**What is being asked**
Restate every line of the material below word for word, skipping the images.
*** Block opens ***
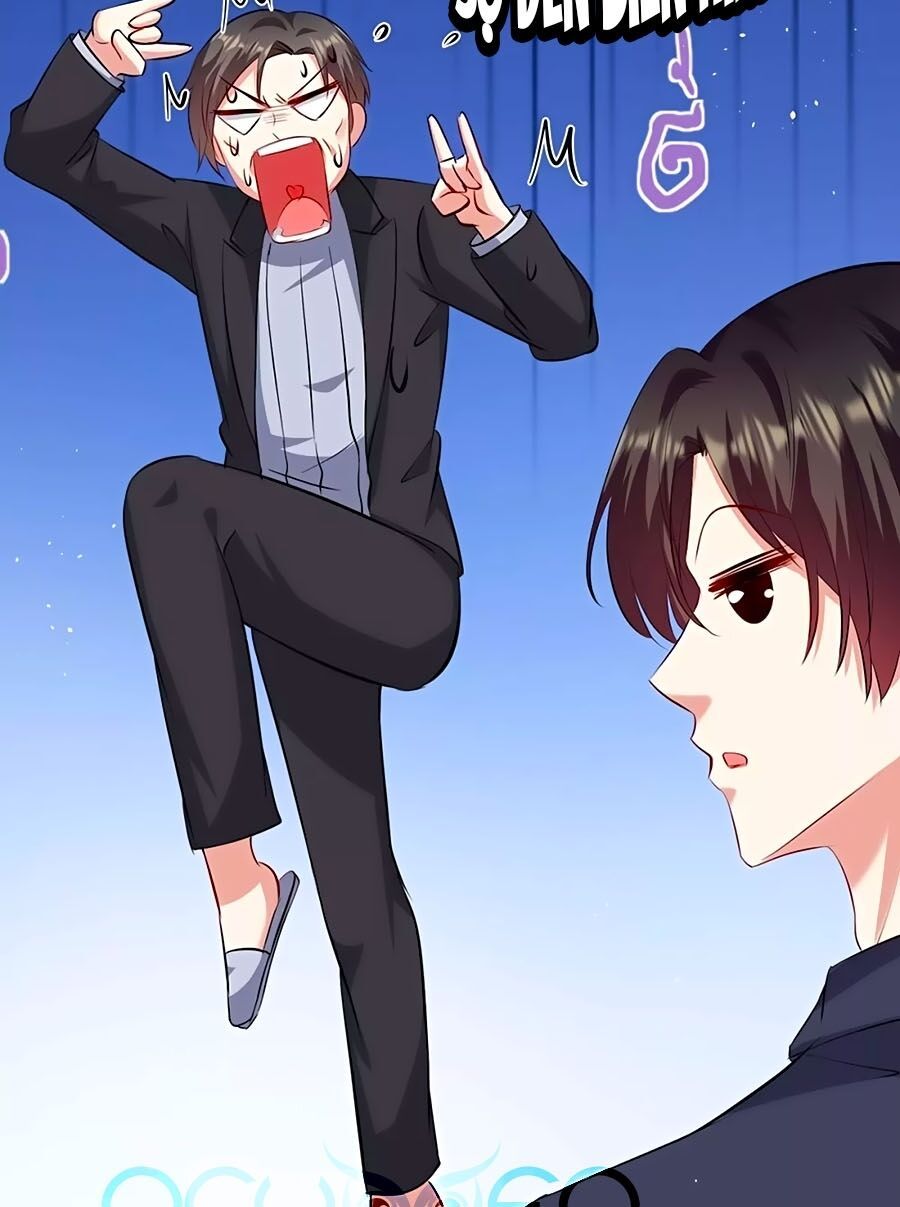 đọc truyện Thiên Tài Khốc Bảo: Tổng Tài Sủng Thê Quá Cường Hãn Chương 128 ảnh 4 tại Thiên Thai Truyện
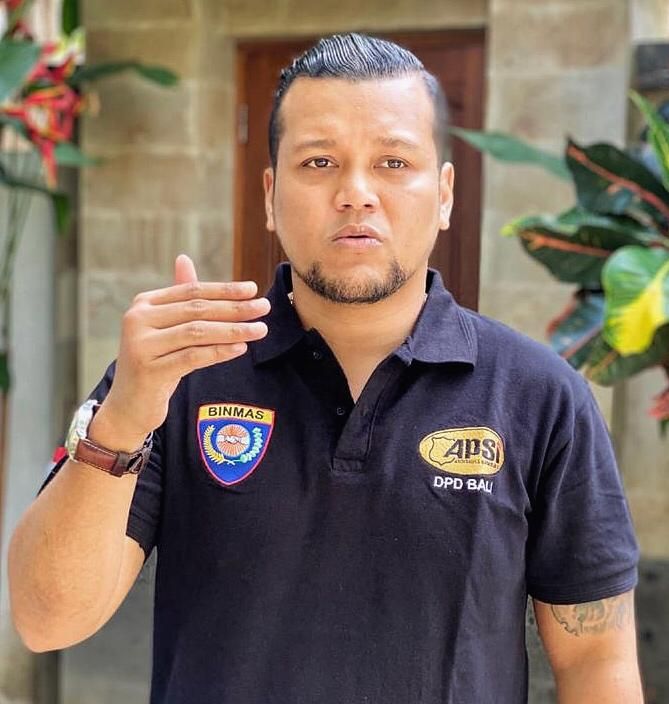 podiumnews.com-APSI Bali Siap Jadi Garda Terdepan Penerapan SOP Kesehatan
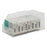 Marketlab BC Chemistry Cartridge Organizer - DISPENSER, BECKMAN COULTER CHEM CARTRIDGE - 15220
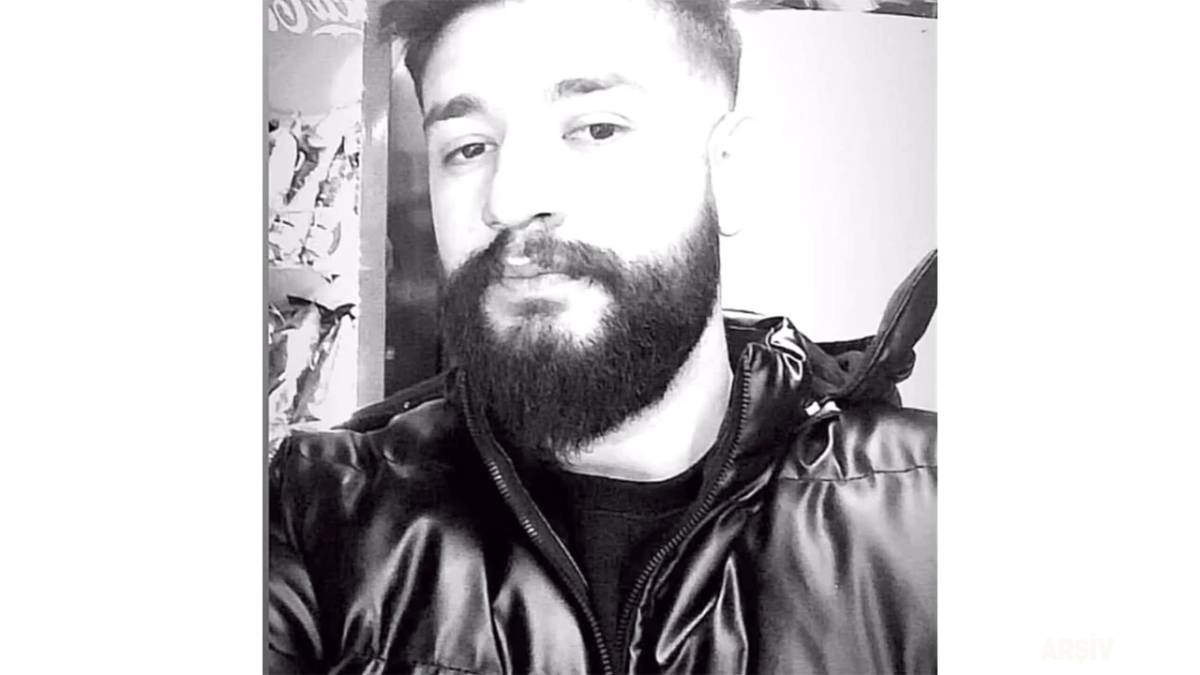 Çivrilli Genç Motosiklet Sürücüsü Kazada Can Verdi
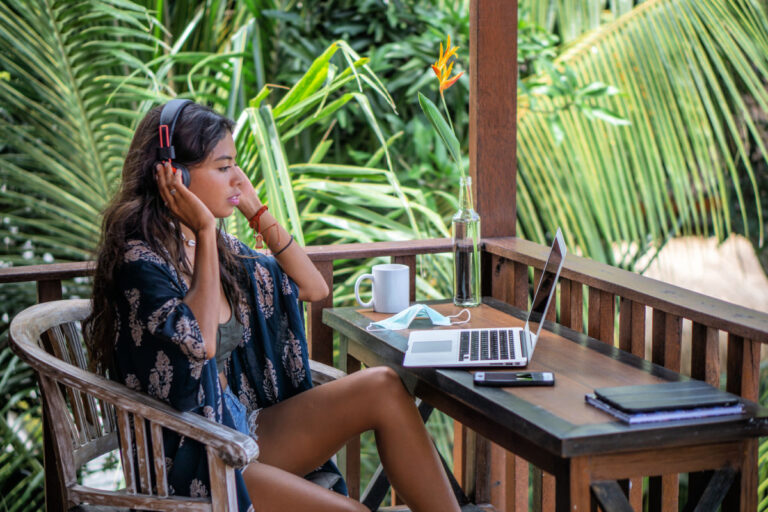 Is Bali Living Up To The Expectations Of Digital Nomads' Dreams?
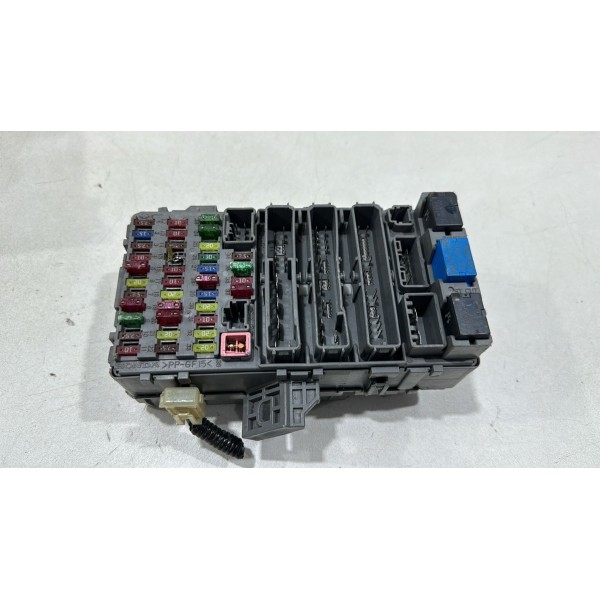 Caixa De Fusíveis Honda New Civic 2007 Á 2011 Original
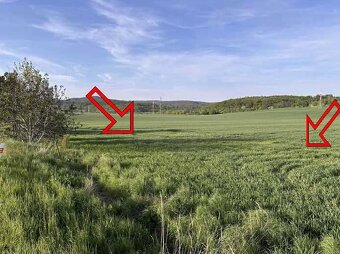 Dražba pozemků - Ivanovice, Brno - 4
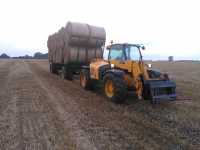 JCB 531-70 agri super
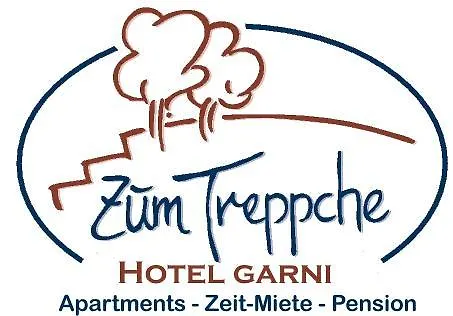 Hotel Zum Treppche Garni 3*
*** Block closes ***
**Result below**
 đọc truyện Thiên Tài Khốc Bảo: Tổng Tài Sủng Thê Quá Cường Hãn Chương 128 ảnh 4 tại Thiên Thai Truyện
 podiumnews.com-APSI Bali Siap Jadi Garda Terdepan Penerapan SOP Kesehatan
 Marketlab BC Chemistry Cartridge Organizer - DISPENSER, BECKMAN COULTER CHEM CARTRIDGE - 15220
 Çivrilli Genç Motosiklet Sürücüsü Kazada Can Verdi
 Is Bali Living Up To The Expectations Of Digital Nomads' Dreams?
 Caixa De Fusíveis Honda New Civic 2007 Á 2011 Original
 Dražba pozemků - Ivanovice, Brno - 4
 JCB 531-70 agri super
 Hotel Zum Treppche Garni 3*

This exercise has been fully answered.